Em cerimônia, a casa devolverá simbolicamente, em uma sessão de posse
embalada pelo Hino Nacional interpretado por um cantor lírico, o mandato
aos deputados cassados durante a ditadura. Os parlamentares, ou suas
famílias, receberão o diploma e o broche típicos. “É uma forma de a
Câmara devolver ao povo o mandato que os torturadores usurparam de seus
representantes”, diz Erundina, plácida, na manhã da segunda-feira 12,
em seu gabinete político em São Paulo. “E é o mínimo que podemos fazer
agora, enquanto não aprovam a mudança na lei da anistia.”
Erundina não desiste
Até a terça-feira 13, o presidente da casa, Marco Maia, não havia dado o
aval à sessão solene pensada por ela e requerida pelo
primeiro-secretário Eduardo Gomes (PSDB-TO). Segundo a assessoria do
presidente, “o pedido chegou tarde” e, “por questão de calendário”, foi
decidido “priorizar a votação de matérias”. Maia não confirmaria quando
ou “se” o evento ocorreria. “Três horas de cerimônia iriam atrapalhar
tanto? Justo quando o País faz um esforço para buscar a verdade?”,
rebateu Erundina, um dia depois, já em Brasília e prestes a discursar no
ato organizado pela OAB para homenagear os advogados de presos
políticos – “para o qual a Câmara não liberou um centavo, nem para as
passagens dos homenageados”, diz. Ela então subiu nos tamancos: na OAB,
denunciou “a má vontade que a casa sempre demonstrou em investigar sua
história”. Na quarta 14, a confirmação da data do evento chegou.

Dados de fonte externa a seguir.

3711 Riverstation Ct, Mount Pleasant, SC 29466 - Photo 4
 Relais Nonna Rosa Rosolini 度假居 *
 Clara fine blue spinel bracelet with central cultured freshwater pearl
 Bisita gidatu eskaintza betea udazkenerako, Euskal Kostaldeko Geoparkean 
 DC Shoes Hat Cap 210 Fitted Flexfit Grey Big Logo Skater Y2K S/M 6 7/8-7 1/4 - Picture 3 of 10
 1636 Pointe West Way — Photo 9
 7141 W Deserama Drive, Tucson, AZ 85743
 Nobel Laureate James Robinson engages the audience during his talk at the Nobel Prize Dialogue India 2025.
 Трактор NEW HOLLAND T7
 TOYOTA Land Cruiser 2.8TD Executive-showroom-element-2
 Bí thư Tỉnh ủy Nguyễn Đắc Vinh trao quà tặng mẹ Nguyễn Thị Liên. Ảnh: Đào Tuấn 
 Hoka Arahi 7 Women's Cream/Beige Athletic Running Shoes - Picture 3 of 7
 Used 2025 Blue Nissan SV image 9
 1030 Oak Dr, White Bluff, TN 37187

São poucos os políticos que conseguem incomodar tanto o Legislativo e
Executivo ao mesmo tempo. Não apenas a deputada não coopera com o
esforço do governo de agradar aos dois extremos do espectro ideológico
com um consenso forjado por paliativos como desafia o silêncio do
Congresso sobre o tema mais espinhoso da história brasileira.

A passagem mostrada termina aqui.